Instructions for the task:
Copy word for word the lines of the records below, beginning at the one with "Ben Carlisle - @bencarlisle - Instagram" and finishing at the one with "Sudadera de sudaderas", ends included, but none of the pictures.

═══ Data ═══

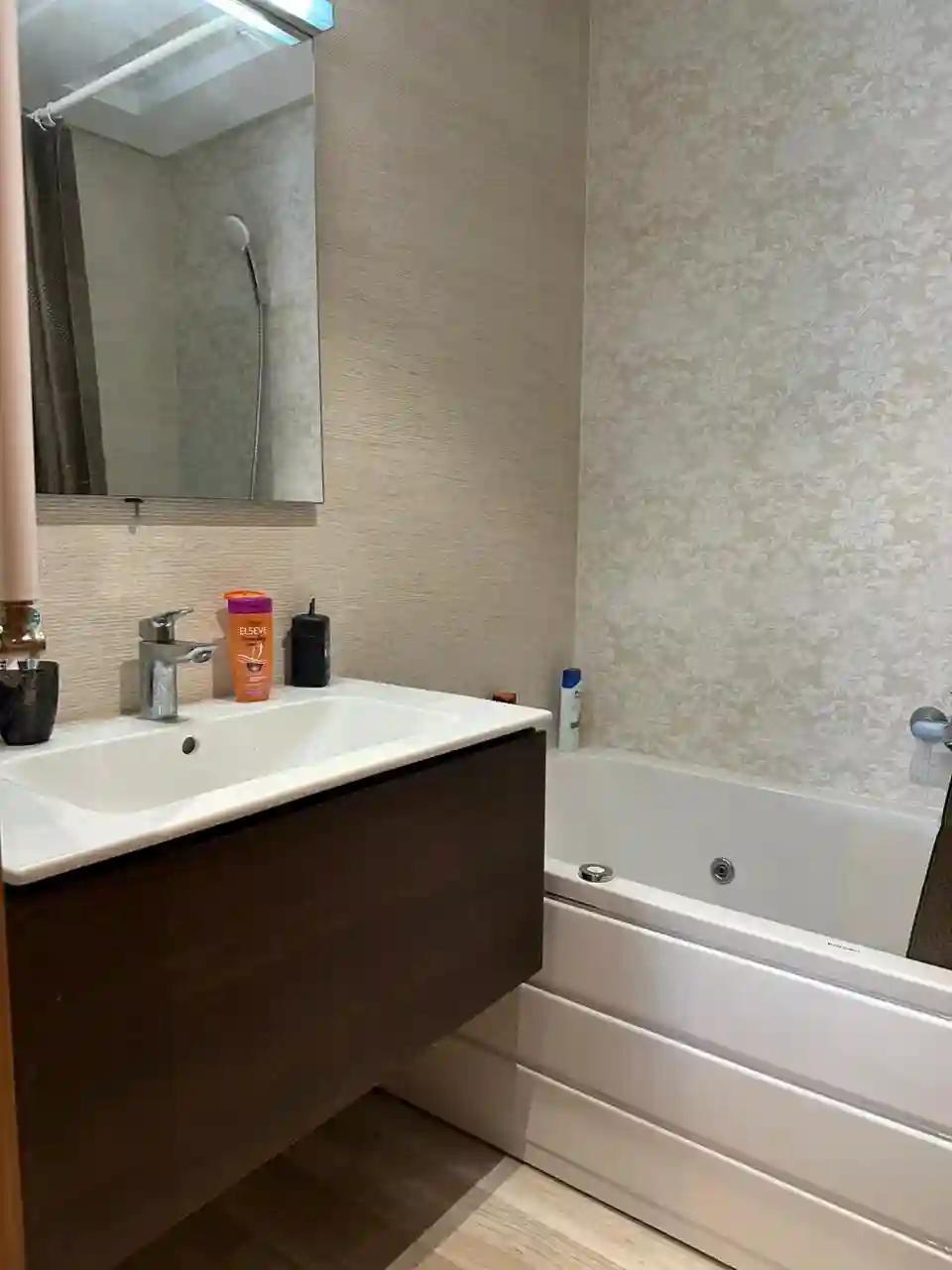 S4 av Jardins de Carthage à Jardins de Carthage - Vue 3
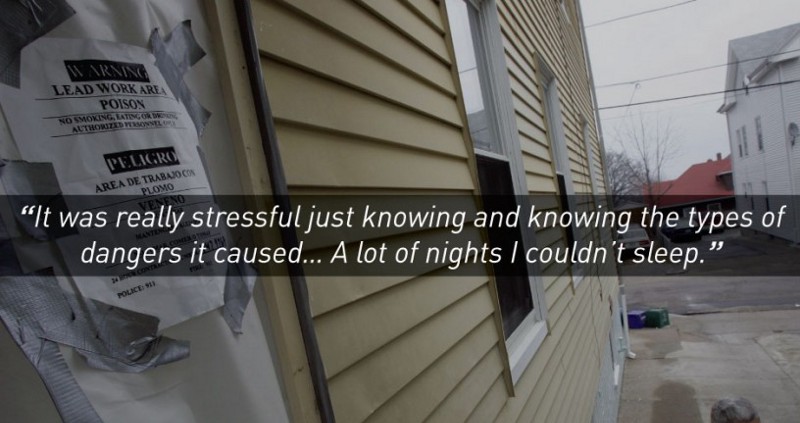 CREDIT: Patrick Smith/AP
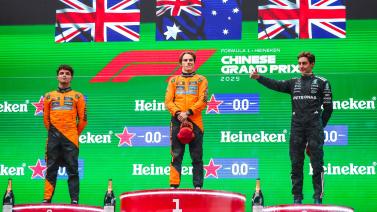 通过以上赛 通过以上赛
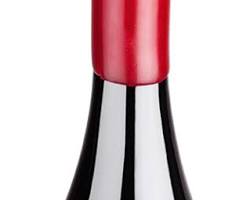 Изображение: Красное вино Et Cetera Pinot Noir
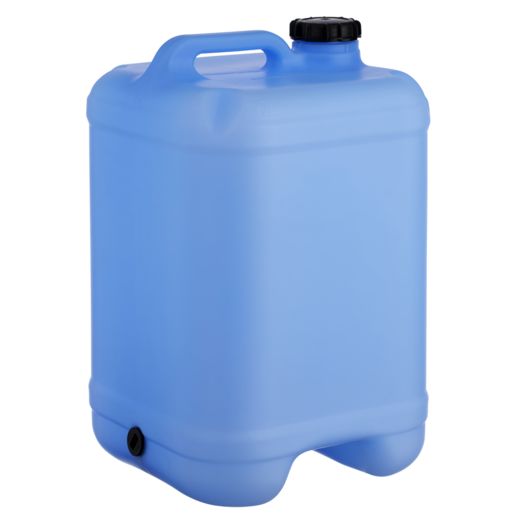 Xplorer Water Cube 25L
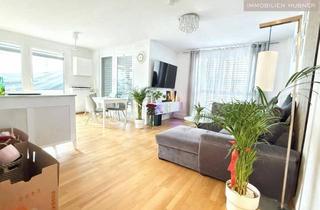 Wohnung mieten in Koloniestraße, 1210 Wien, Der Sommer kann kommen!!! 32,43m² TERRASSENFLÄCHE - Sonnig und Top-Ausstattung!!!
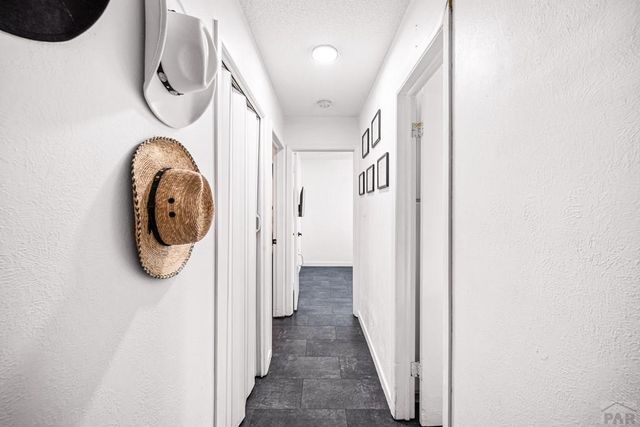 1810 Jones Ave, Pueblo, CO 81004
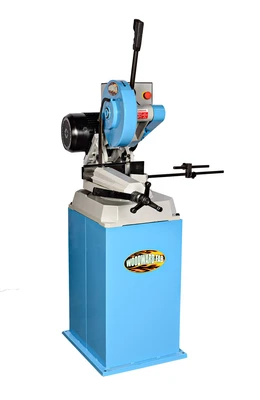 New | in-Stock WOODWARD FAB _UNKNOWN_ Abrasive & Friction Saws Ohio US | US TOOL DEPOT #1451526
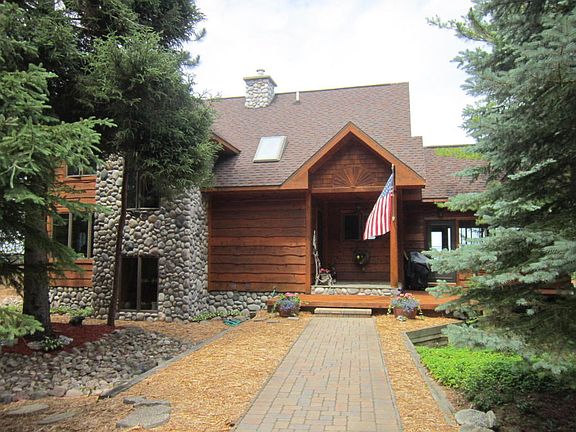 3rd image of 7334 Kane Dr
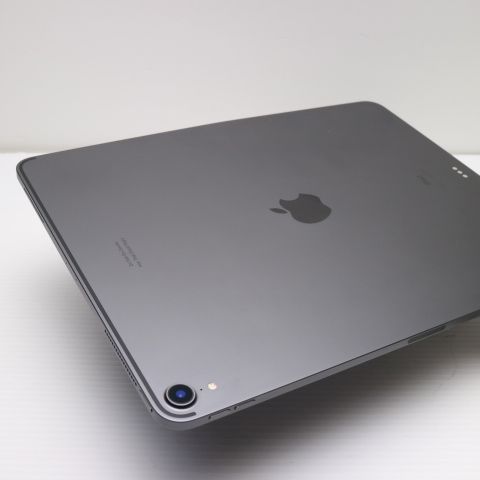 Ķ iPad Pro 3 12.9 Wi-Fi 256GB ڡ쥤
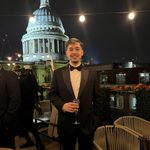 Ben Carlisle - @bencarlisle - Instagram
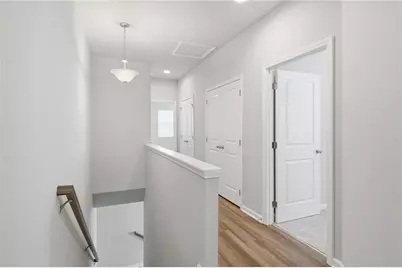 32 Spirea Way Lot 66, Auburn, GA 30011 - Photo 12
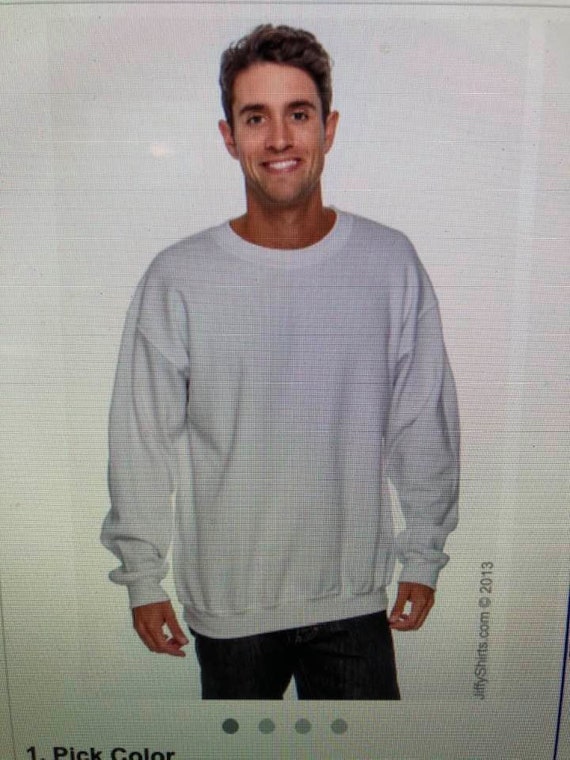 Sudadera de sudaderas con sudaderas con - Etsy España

═══
═══ Data ═══

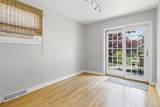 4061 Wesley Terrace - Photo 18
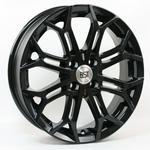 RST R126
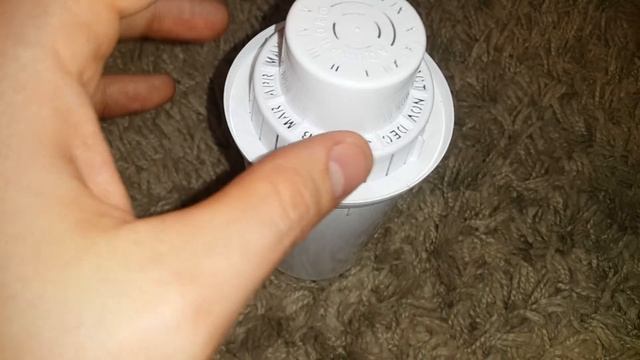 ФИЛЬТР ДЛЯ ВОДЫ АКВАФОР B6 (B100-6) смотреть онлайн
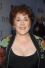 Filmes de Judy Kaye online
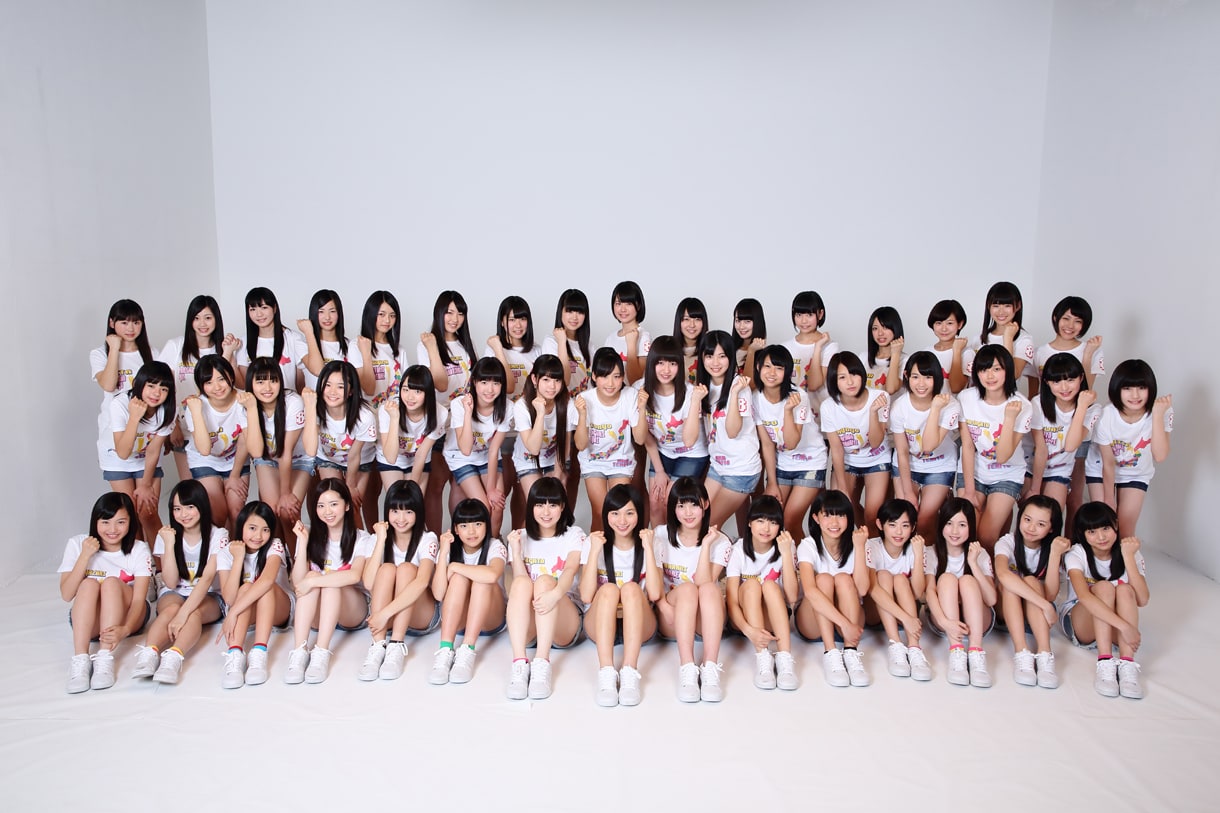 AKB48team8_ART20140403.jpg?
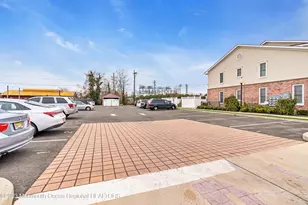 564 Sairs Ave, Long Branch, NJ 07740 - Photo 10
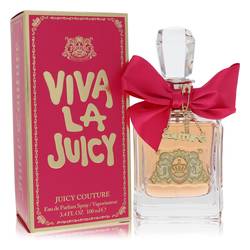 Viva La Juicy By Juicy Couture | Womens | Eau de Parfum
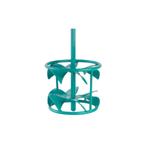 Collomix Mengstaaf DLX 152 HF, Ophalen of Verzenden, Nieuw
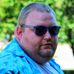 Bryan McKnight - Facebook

═══

Written reply:
 Ben Carlisle - @bencarlisle - Instagram
 32 Spirea Way Lot 66, Auburn, GA 30011 - Photo 12
 Sudadera de sudaderas con sudaderas con - Etsy España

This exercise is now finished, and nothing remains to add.